As explained above, the key reason for the values of $[{{\tilde{Q\,}}\!_{C,{\rm{3D}}}}[{\beta_0}]]$ being much smaller than unity is the mathematical ill-posedness of the CT reconstruction. If we substitute the relevant parameters of the present experiment, e.g. in the case of the Eiger detector, into equation (24) with G₃ = 1, we obtain $[{{\tilde{Q\,}}\!_{C,{\rm{3D}}}}]$ $[\cong]$ 9.5 × 10⁻³ (see Appendix C for details). This theoretical value is close to the value $[{{\tilde{Q\,}}\!_{C,{\rm{3D}}}}[{\beta_0},{\rm{Eiger}}]]$ $[\cong]$ 7.2 × 10⁻³ measured in the experiment, confirming that in the present configuration $[{{\tilde{Q\,}}\!_{C,{\rm{3D}}}}[{\beta_0}]]$ should indeed be expected to be much smaller than unity. As explained after equation (24) and in Appendix C, the small value of $[{{\tilde{Q\,}}\!_{C,{\rm{3D}}}}[{\beta_0}]]$ is determined by the degree of ill-posedness of the CT reconstruction in the present experimental configuration. The ill-posedness of the CT reconstruction is also behind the fact that, while the $[{{\tilde{Q\,}}\!_S}]$ in 2D projections was found to be the same (equal to 0.93) for the Xineos and Eiger detectors, $[{{\tilde{Q\,}}\!_{C,{\rm{3D}}}}[{\beta_0}]]$ was slightly higher for the Xineos detector (9.7 × 10⁻³) than for the Eiger detector (7.2 × 10⁻³). The reason for this `discrepancy' is that the squared ratio of the averaged SNR in the first and second columns of Table 2, SNR²[β₀, Xineos]/SNR²[β₀, Eiger], was closer to the ratio of the fourth powers of the corresponding spatial resolutions, $[{\tilde\Delta^4}[{\rm{Xineos}}]/{\tilde\Delta^4}[{\rm{Eiger}}]]$ , as expected in CT (Howells et al., 2009; Nesterets & Gureyev, 2014), rather than to the ratio of the third powers of the resolutions, $[{\tilde\Delta^3}[{\rm{Xineos}}]/{\tilde\Delta ^3}[{\rm{Eiger}}]]$ , as expected in the NRU and in the definition of the biomedical X-ray imaging quality.

7. Conclusions

We have analysed the performance of PB-CT in a general theoretical context using the NRU as the theoretical basis and the intrinsic imaging quality characteristic, Q_S, as a measure of a system's performance.

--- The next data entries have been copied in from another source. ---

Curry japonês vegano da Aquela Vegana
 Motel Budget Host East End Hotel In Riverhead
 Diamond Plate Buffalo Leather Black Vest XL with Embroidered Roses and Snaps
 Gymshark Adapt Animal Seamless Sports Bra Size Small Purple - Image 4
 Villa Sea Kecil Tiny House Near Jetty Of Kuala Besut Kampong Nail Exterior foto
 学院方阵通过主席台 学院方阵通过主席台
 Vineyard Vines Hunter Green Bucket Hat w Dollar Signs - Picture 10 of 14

Recall that Q_S² is equal to the ratio of SNR² to the spatial resolution in the appropriate power n that corresponds to the dimensionality of the images (n = 2 for projection imaging and n = 3 in the case of CT), normalized by the incident photon fluence. According to NRU, Q_S cannot be larger than unity or, more precisely, cannot be larger than the Epanechnikov constant, that is just slightly larger than 1 (de Hoog et al., 2014; Gureyev et al., 2016), for conventional absorption-based X-ray imaging systems. However, we have shown that in PBI setups the intrinsic imaging quality characteristic can be as high as c_n(γ/N_F)^n/4, where γ is the ratio of the real decrement to the imaging part of the refractive index of the imaged object, N_F is the minimal Fresnel number and c_n is a dimensionless quantity of the order of 1. This means that in PBI the maximum number of bits of information about the imaged sample delivered by each detected photon can be close to (γ/N_F)^n/4. In hard X-ray PBI of biological samples, the ratio γ/N_F can be significantly larger than unity, which indicates potential for a beneficial violation of the NRU.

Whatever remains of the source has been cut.